| How to complete this task |
The line containing "Alicates Multifuncion Especial" and every line after it to the end of the records: set those down exactly, without any pictures.

| Task inputs |
_____

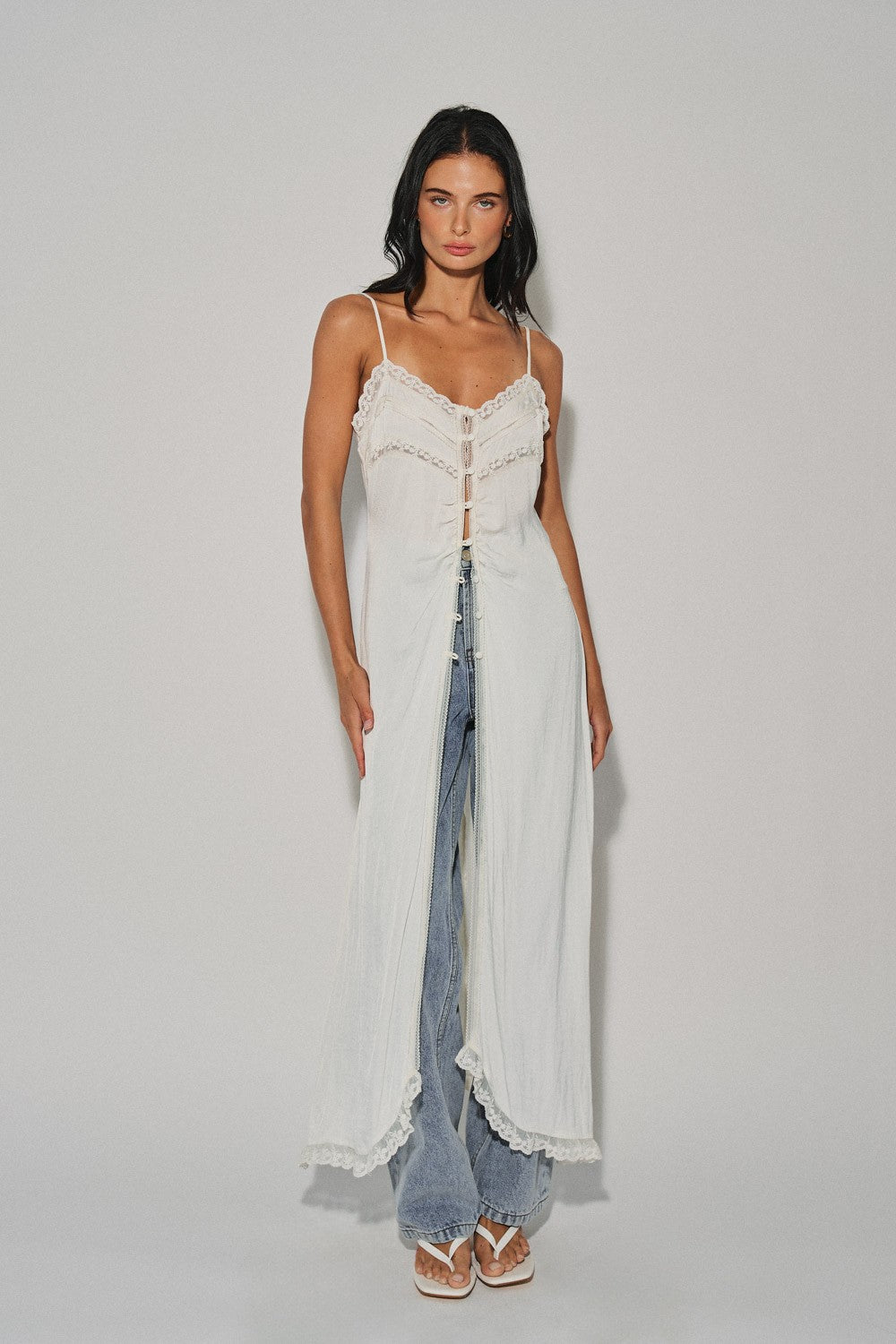 Satin Lace-trimmed Top
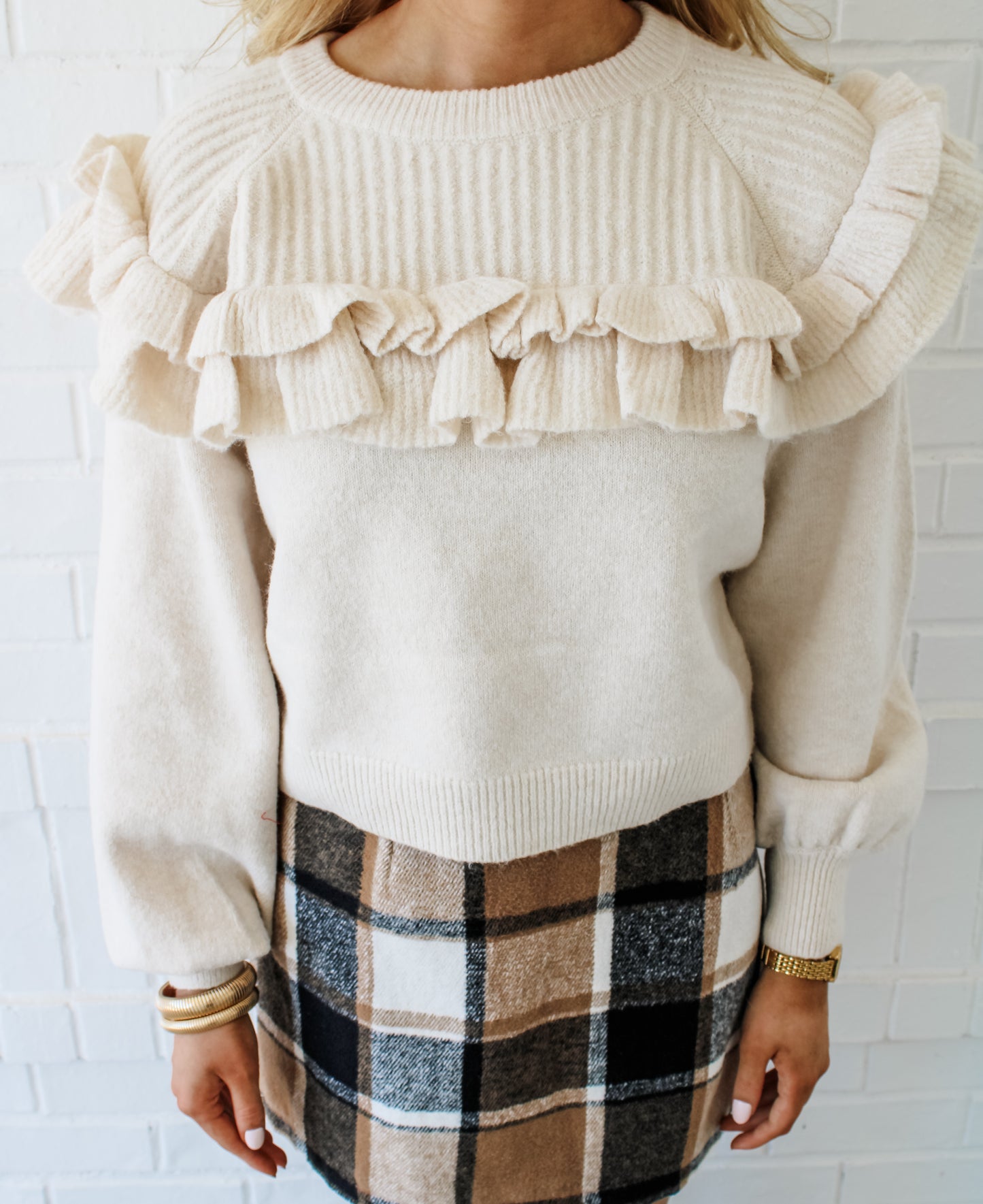 Oat Ruffle Sweater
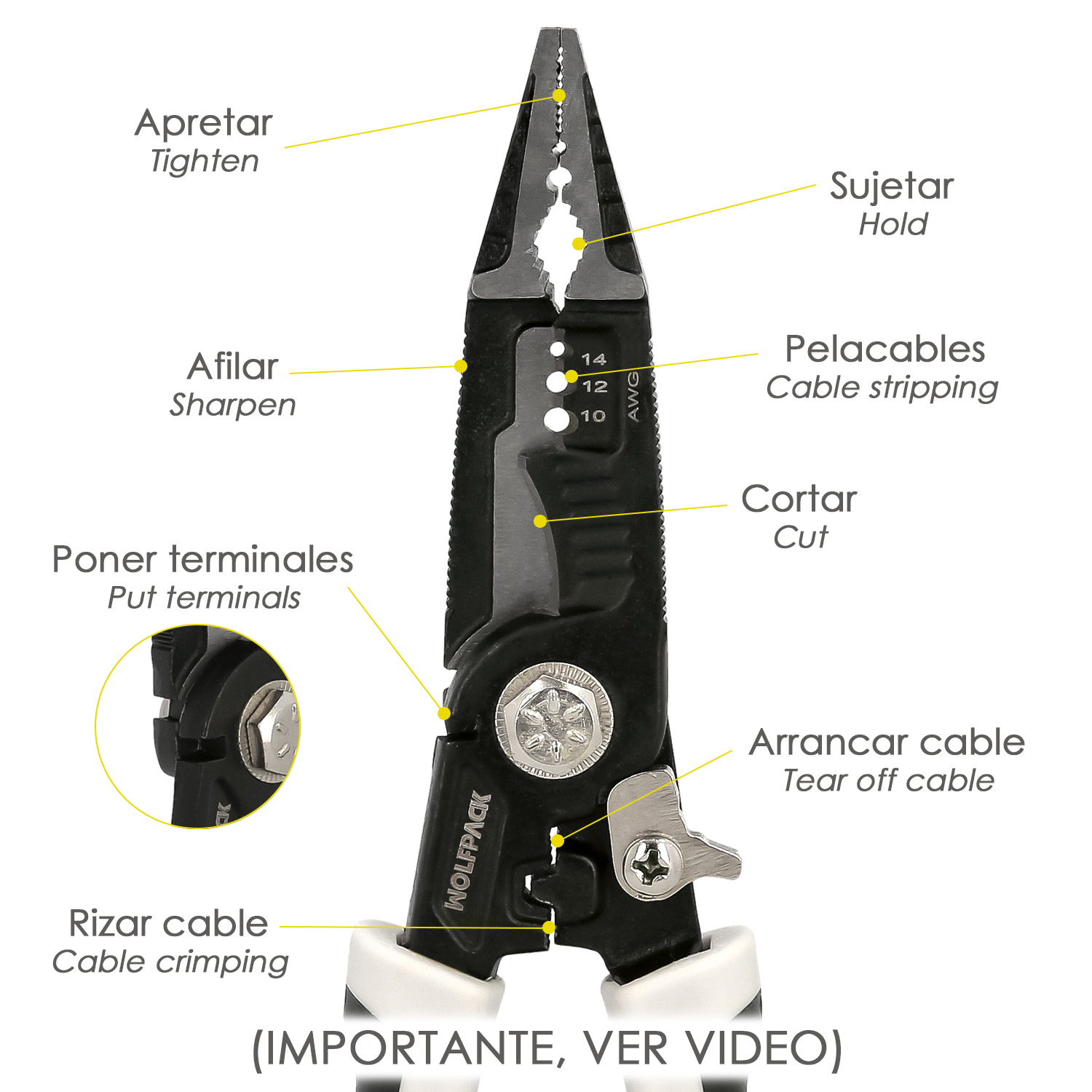 Alicates Multifuncion Especial Cables, Multiherramienta Electricista, Pelacables, Cortacables, Alicates Terminales, Alicates. - Imagen 3
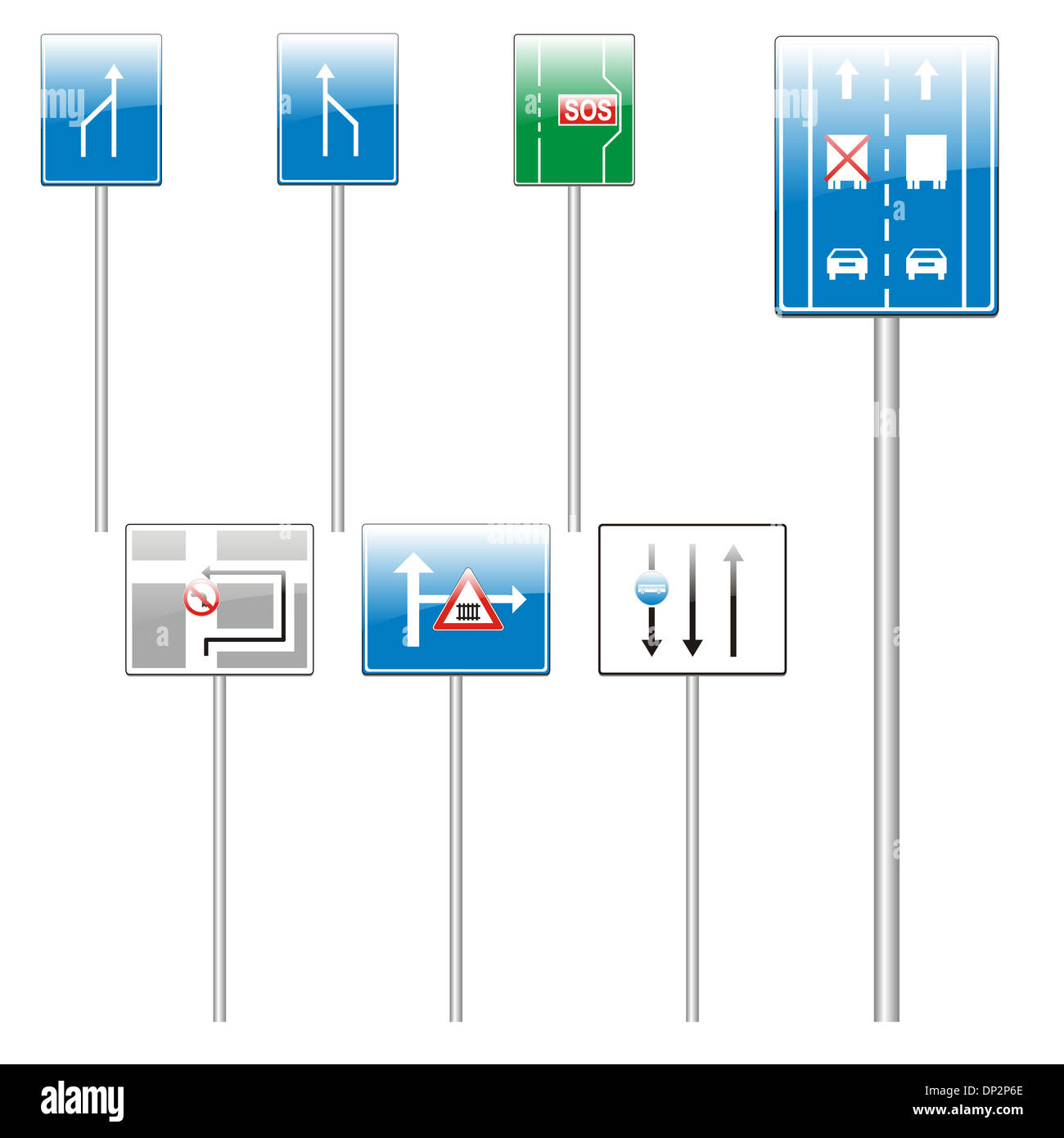 isolierten europäischen Verkehrszeichen Stockfoto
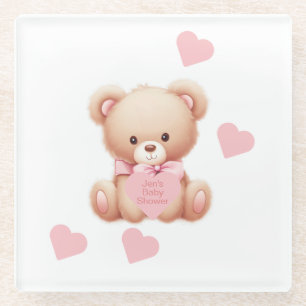 Teddybeer roze harten glazen onderzetter
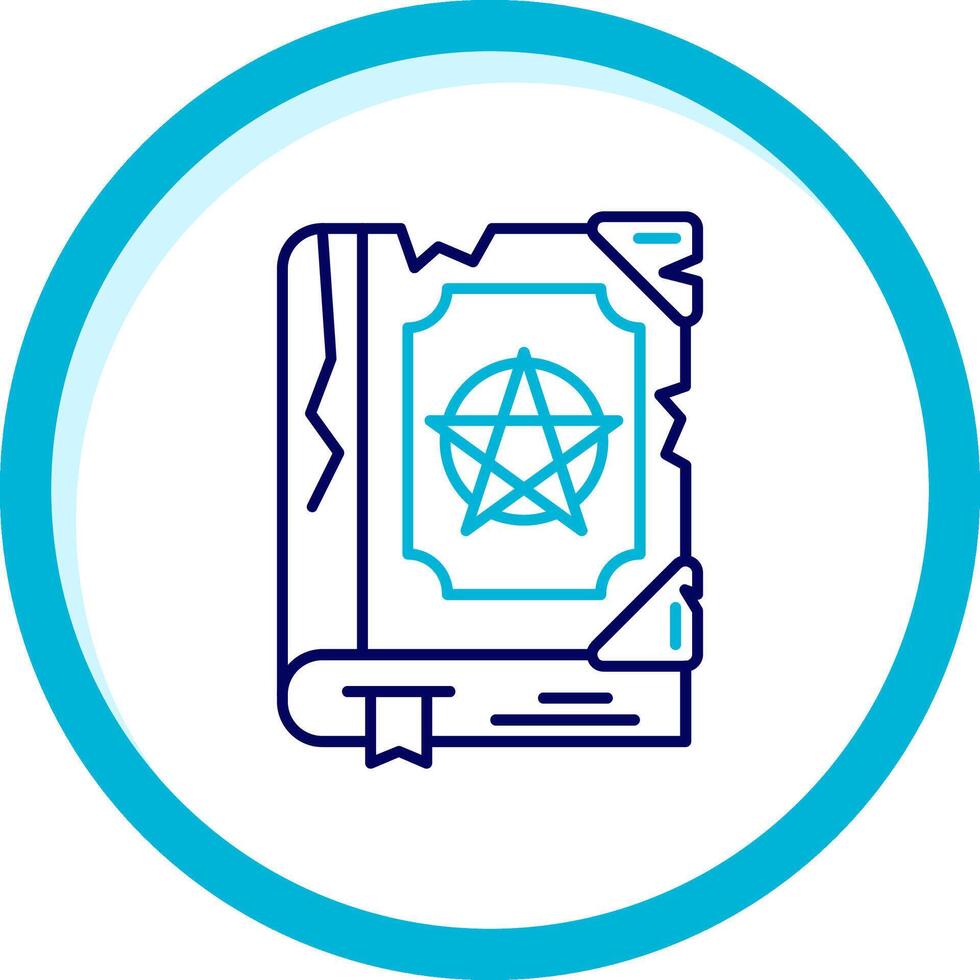 Magic book Two Color Blue Circle Icon vector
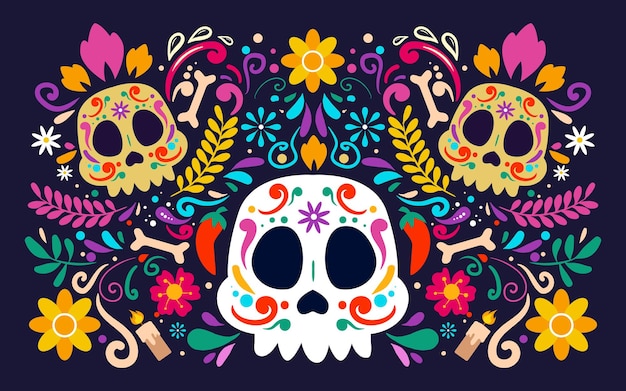 Szczęśliwy tło Dia De Muertos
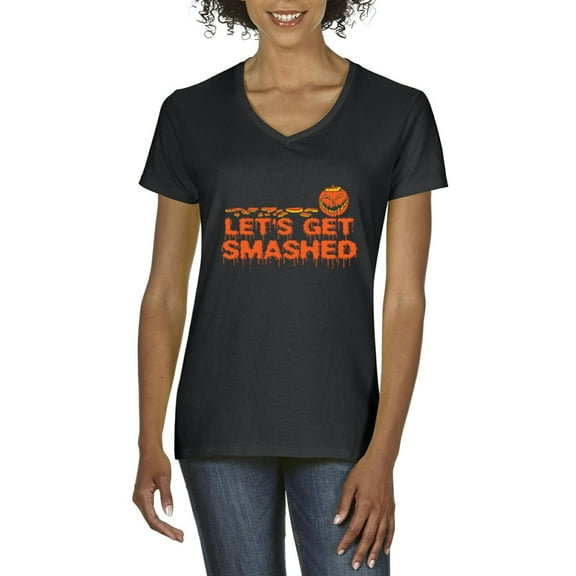 MmF - Women's T-Shirt V-Neck Short Sleeve - Halloween Let`s Get Smashed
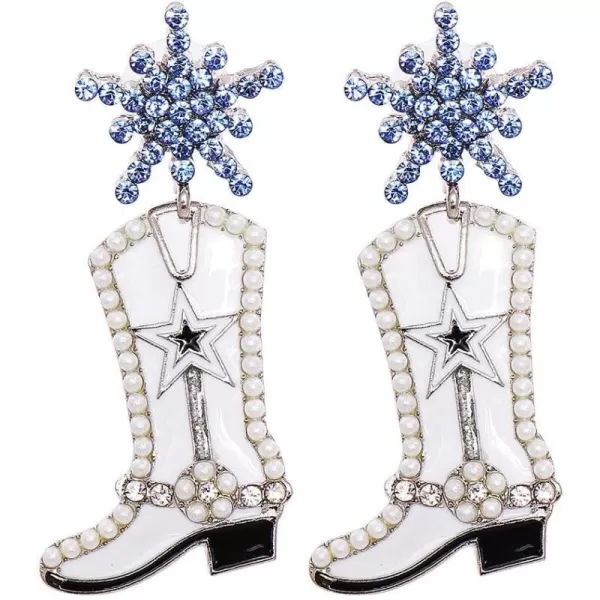 CZ Snowflake Cowgirl Boot Dangle Earrings for Women Girls Cubic Zirconia Star Shell Pearl Western Cowboy Statement Drop Dangling Stud Fashion Christmas Festival Party Jewelry GiftsBlue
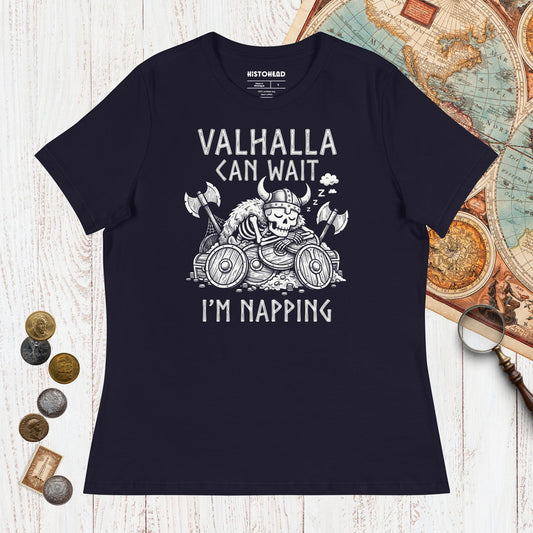Navy Valhalla Can Wait - Women's Tee - history buff gift by HistoHead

_____

| Exercise solution |
 Alicates Multifuncion Especial Cables, Multiherramienta Electricista, Pelacables, Cortacables, Alicates Terminales, Alicates. - Imagen 3
 isolierten europäischen Verkehrszeichen Stockfoto
 Teddybeer roze harten glazen onderzetter
 Magic book Two Color Blue Circle Icon vector
 Szczęśliwy tło Dia De Muertos
 MmF - Women's T-Shirt V-Neck Short Sleeve - Halloween Let`s Get Smashed
 CZ Snowflake Cowgirl Boot Dangle Earrings for Women Girls Cubic Zirconia Star Shell Pearl Western Cowboy Statement Drop Dangling Stud Fashion Christmas Festival Party Jewelry GiftsBlue
Navy Valhalla Can Wait - Women's Tee - history buff gift by HistoHead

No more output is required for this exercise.